Our Score: 2.5 out of 5 stars
By all accounts My Old Lady has had successful runs in its various stage iterations, so how does it hold up as a film? Unfortunately it’s something of a mixed bag. Director Horovitz, adapting his own play to this film, seeks to open up his three person play by adding some supporting characters, not to mention the actual gorgeous Parisian background, but the film itself never seems to rise above it’s central contrivance and weighty melodrama.

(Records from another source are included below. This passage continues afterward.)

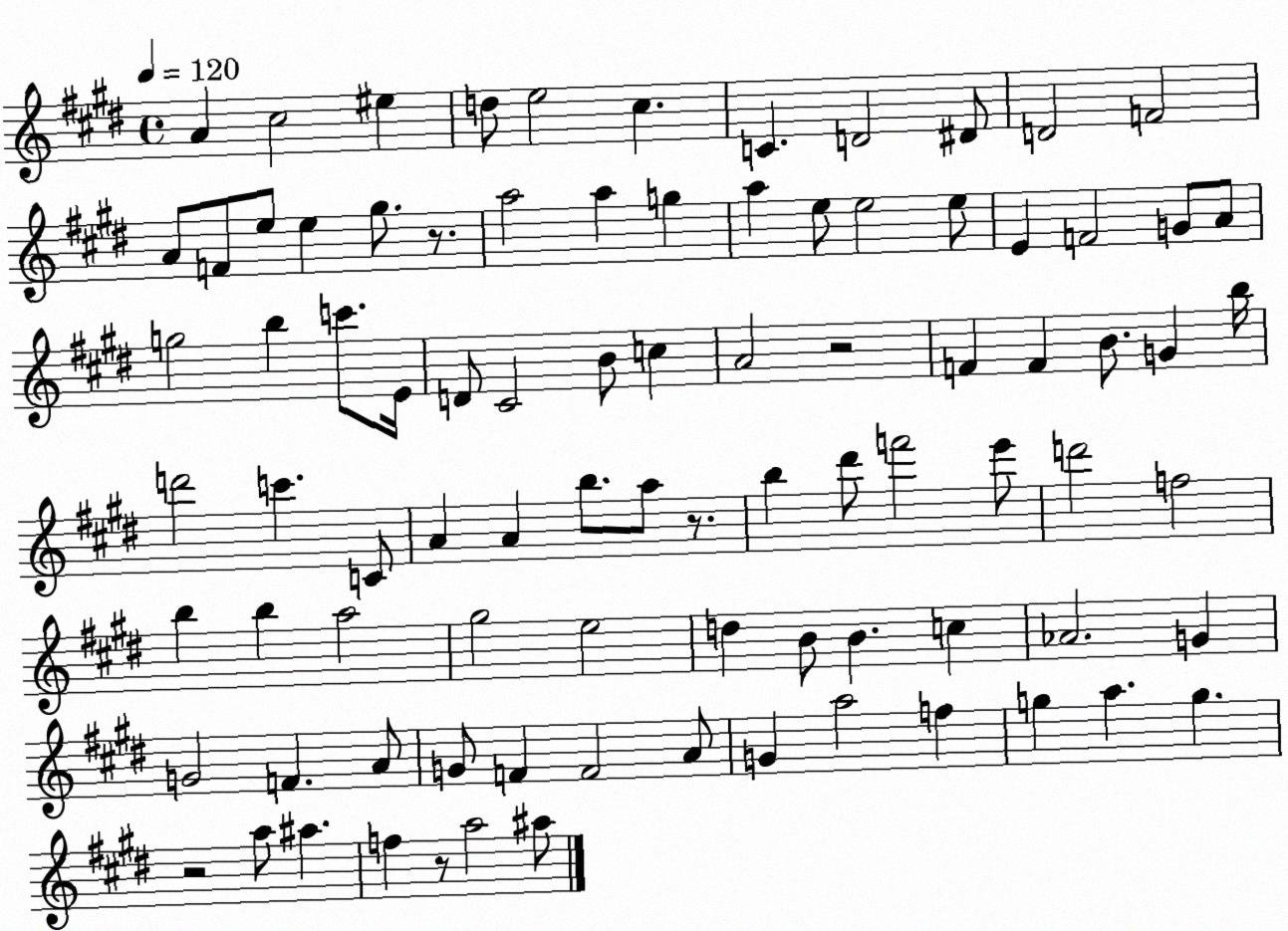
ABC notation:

X:1
T:Untitled
M:4/4
L:1/4
K:E
A ^c2 ^e d/2 e2 ^c C D2 ^D/2 D2 F2 A/2 F/2 e/2 e ^g/2 z/2 a2 a g a e/2 e2 e/2 E F2 G/2 A/2 g2 b c'/2 E/4 D/2 ^C2 B/2 c A2 z2 F F B/2 G b/4 d'2 c' C/2 A A b/2 a/2 z/2 b ^d'/2 f'2 e'/2 d'2 f2 b b a2 ^g2 e2 d B/2 B c _A2 G G2 F A/2 G/2 F F2 A/2 G a2 f g a g z2 a/2 ^a f z/2 a2 ^a/2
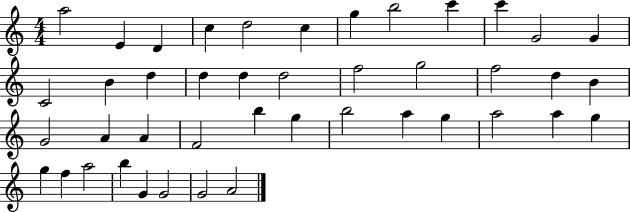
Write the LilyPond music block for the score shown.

{
  \clef treble
  \numericTimeSignature
  \time 4/4
  \key c \major
  a''2 e'4 d'4 | c''4 d''2 c''4 | g''4 b''2 c'''4 | c'''4 g'2 g'4 | \break c'2 b'4 d''4 | d''4 d''4 d''2 | f''2 g''2 | f''2 d''4 b'4 | \break g'2 a'4 a'4 | f'2 b''4 g''4 | b''2 a''4 g''4 | a''2 a''4 g''4 | \break g''4 f''4 a''2 | b''4 g'4 g'2 | g'2 a'2 | \bar "|."
}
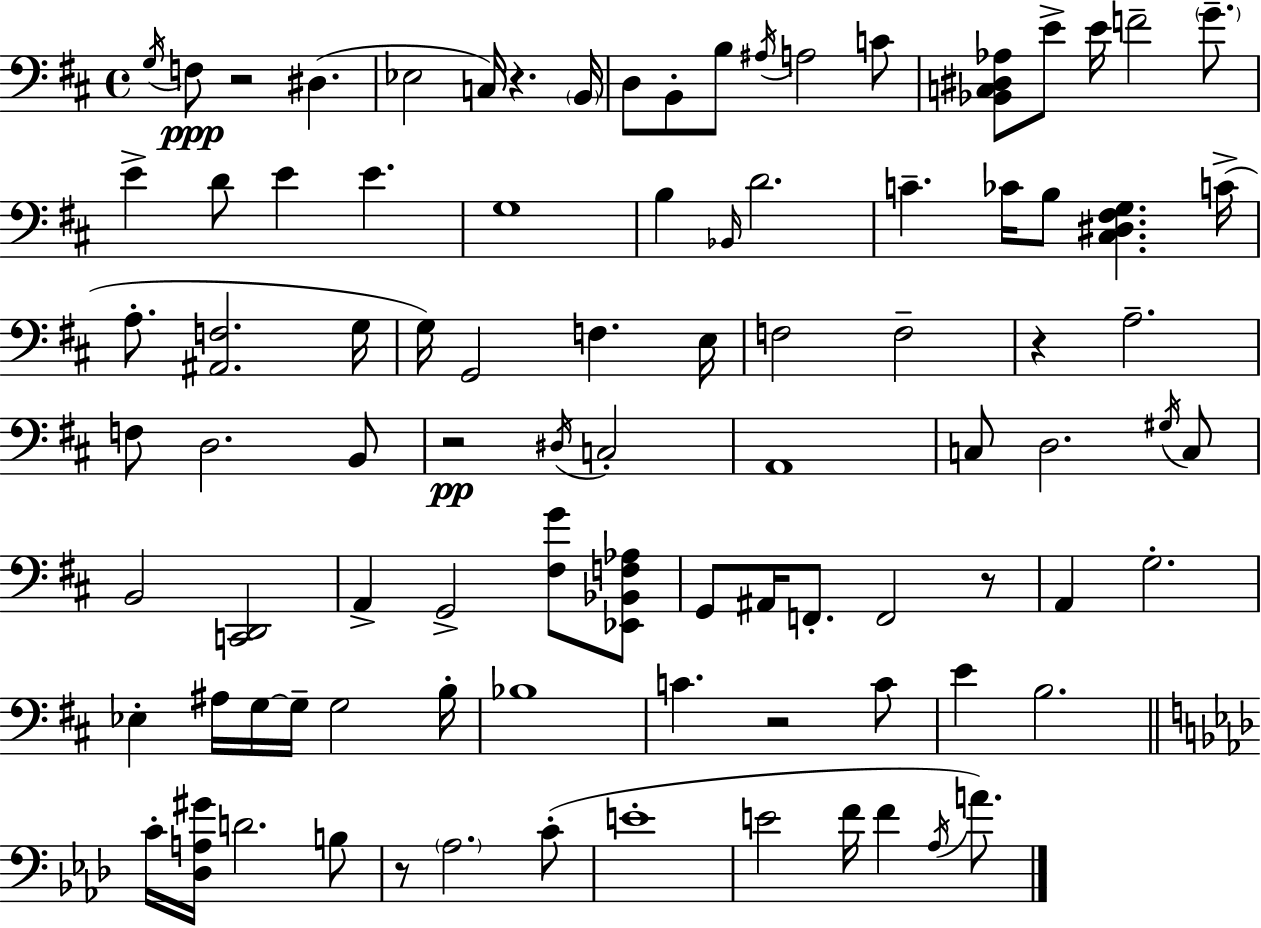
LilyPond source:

{
  \clef bass
  \time 4/4
  \defaultTimeSignature
  \key d \major
  \acciaccatura { g16 }\ppp f8 r2 dis4.( | ees2 c16) r4. | \parenthesize b,16 d8 b,8-. b8 \acciaccatura { ais16 } a2 | c'8 <bes, c dis aes>8 e'8-> e'16 f'2-- \parenthesize g'8.-- | \break e'4-> d'8 e'4 e'4. | g1 | b4 \grace { bes,16 } d'2. | c'4.-- ces'16 b8 <cis dis fis g>4. | \break c'16->( a8.-. <ais, f>2. | g16 g16) g,2 f4. | e16 f2 f2-- | r4 a2.-- | \break f8 d2. | b,8 r2\pp \acciaccatura { dis16 } c2-. | a,1 | c8 d2. | \break \acciaccatura { gis16 } c8 b,2 <c, d,>2 | a,4-> g,2-> | <fis g'>8 <ees, bes, f aes>8 g,8 ais,16 f,8.-. f,2 | r8 a,4 g2.-. | \break ees4-. ais16 g16~~ g16-- g2 | b16-. bes1 | c'4. r2 | c'8 e'4 b2. | \break \bar "||" \break \key aes \major c'16-. <des a gis'>16 d'2. b8 | r8 \parenthesize aes2. c'8-.( | e'1-. | e'2 f'16 f'4 \acciaccatura { aes16 }) a'8. | \break \bar "|."
}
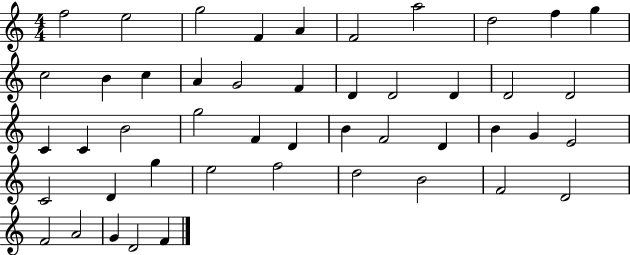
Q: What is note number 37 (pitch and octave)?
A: E5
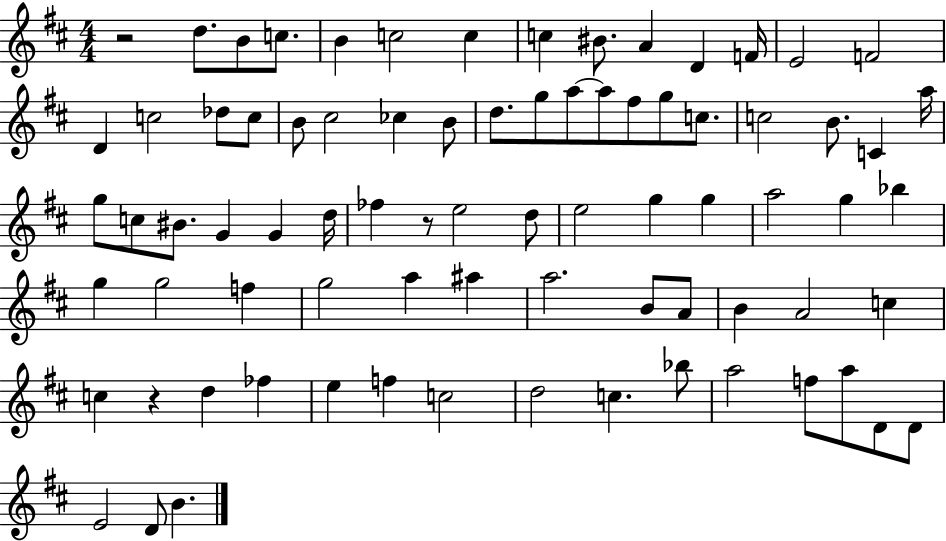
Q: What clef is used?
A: treble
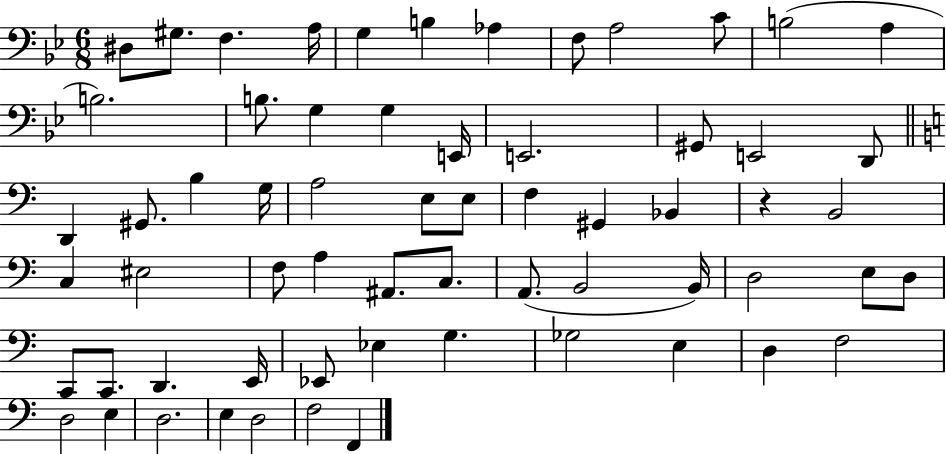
X:1
T:Untitled
M:6/8
L:1/4
K:Bb
^D,/2 ^G,/2 F, A,/4 G, B, _A, F,/2 A,2 C/2 B,2 A, B,2 B,/2 G, G, E,,/4 E,,2 ^G,,/2 E,,2 D,,/2 D,, ^G,,/2 B, G,/4 A,2 E,/2 E,/2 F, ^G,, _B,, z B,,2 C, ^E,2 F,/2 A, ^A,,/2 C,/2 A,,/2 B,,2 B,,/4 D,2 E,/2 D,/2 C,,/2 C,,/2 D,, E,,/4 _E,,/2 _E, G, _G,2 E, D, F,2 D,2 E, D,2 E, D,2 F,2 F,,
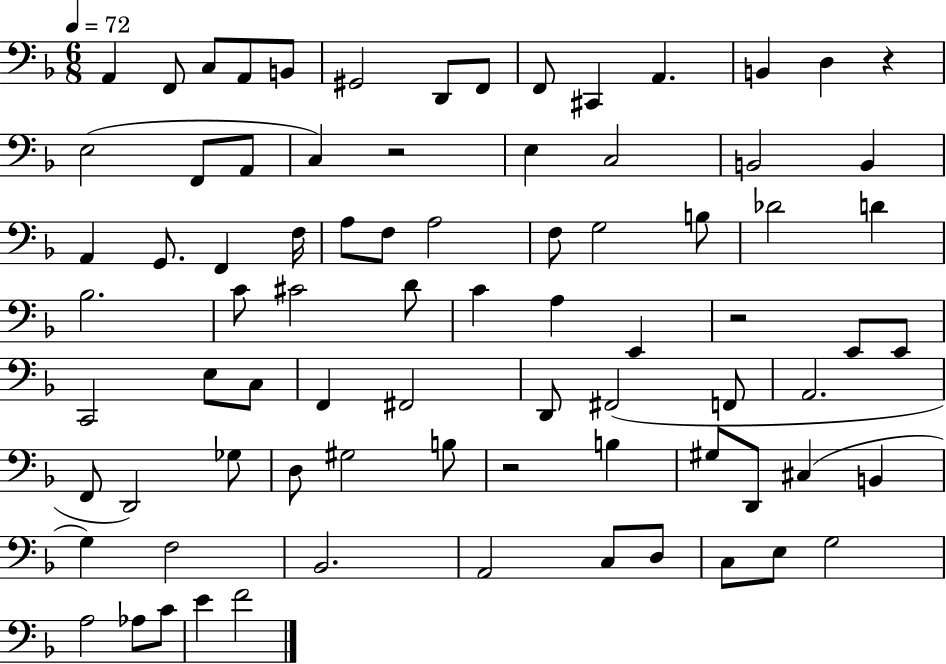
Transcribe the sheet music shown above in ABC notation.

X:1
T:Untitled
M:6/8
L:1/4
K:F
A,, F,,/2 C,/2 A,,/2 B,,/2 ^G,,2 D,,/2 F,,/2 F,,/2 ^C,, A,, B,, D, z E,2 F,,/2 A,,/2 C, z2 E, C,2 B,,2 B,, A,, G,,/2 F,, F,/4 A,/2 F,/2 A,2 F,/2 G,2 B,/2 _D2 D _B,2 C/2 ^C2 D/2 C A, E,, z2 E,,/2 E,,/2 C,,2 E,/2 C,/2 F,, ^F,,2 D,,/2 ^F,,2 F,,/2 A,,2 F,,/2 D,,2 _G,/2 D,/2 ^G,2 B,/2 z2 B, ^G,/2 D,,/2 ^C, B,, G, F,2 _B,,2 A,,2 C,/2 D,/2 C,/2 E,/2 G,2 A,2 _A,/2 C/2 E F2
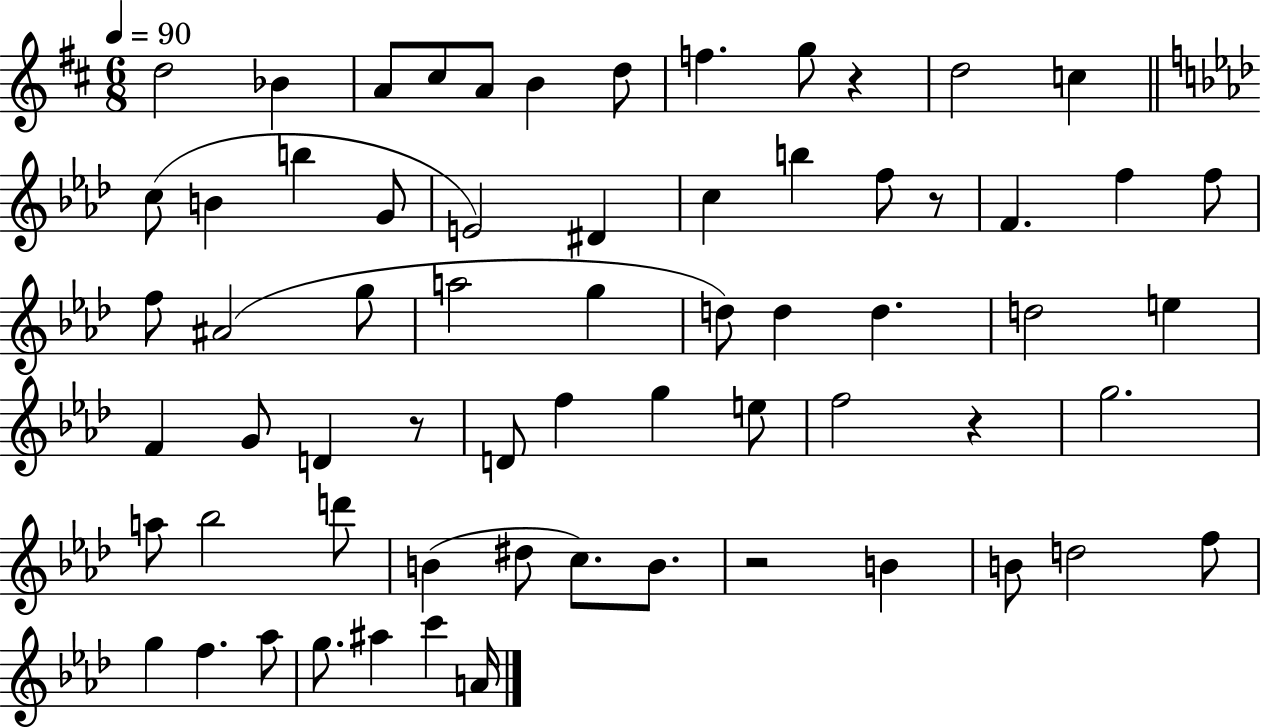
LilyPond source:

{
  \clef treble
  \numericTimeSignature
  \time 6/8
  \key d \major
  \tempo 4 = 90
  d''2 bes'4 | a'8 cis''8 a'8 b'4 d''8 | f''4. g''8 r4 | d''2 c''4 | \break \bar "||" \break \key f \minor c''8( b'4 b''4 g'8 | e'2) dis'4 | c''4 b''4 f''8 r8 | f'4. f''4 f''8 | \break f''8 ais'2( g''8 | a''2 g''4 | d''8) d''4 d''4. | d''2 e''4 | \break f'4 g'8 d'4 r8 | d'8 f''4 g''4 e''8 | f''2 r4 | g''2. | \break a''8 bes''2 d'''8 | b'4( dis''8 c''8.) b'8. | r2 b'4 | b'8 d''2 f''8 | \break g''4 f''4. aes''8 | g''8. ais''4 c'''4 a'16 | \bar "|."
}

Kevin Kline plays Mathias Gold, a failed novelist from America coming to France to claim and sell a gorgeous Paris apartment that he’s inherited from his dead father. The catch on this particular flat is it comes pre-packed with the elderly Mathilde (Maggie Smith) under a French real estate arrangement known as a “viager”. Under this arrangement, the elderly tenant collects an annuity from the buyer so long as they live. Basically the buyer pays less on the place should the seller of the property pass away sooner rather than later. Naturally this makes Mathias’s introduction to Mathilde quite awkward. Complicating matters is Mathilde’s live-in grown daughter, Chloe (Kristen Scott Thomas in her third outing as Smith’s daughter) who naturally dislikes a disgruntled American with a vested interest in her mother’s death.
The film is stronger in its earlier acts with Mathias and Mathilde engaging in their subtle battle of wills–“to long life” she quips when toasting at dinner. Meanwhile Mathias schemes behind her back by investigating her medical records and whisking away furniture to pawn as an alternate way to turn a profit. He also engages in some minor blackmail against Chloe who, as it turns out, is also a woman damaged by her parents’ indiscretions. Kline is infinitely more charming when playing at being a scoundrel rather than when he’s saddled with lengthy monologues later in the film likely lifted directly from the play.
And here is where the film begins to wade into melodrama. Of course Mathilde’s lengthy stay in the flat of Mathias’s absentee father can only give way to a past affair whose shock waves were felt by both Mathias and Chloe on either side of the Atlantic. And as the film’s cast is essentially this trio, you can probably already guess who Mathias and Chloe will turn to when the revelations come pouring in.
I do give credit to Horovitz’s script which, if anything is unusual for using Paris as the backdrop of what is by all accounts the fallout of a long past love affair rather than the setting for the impassioned blooming of a youthful one. Additionally it is not often in film when we get to see older skilled actors such as Scott Thomas and Kline forge a romance however one wishes it didn’t come with quite so much baggage.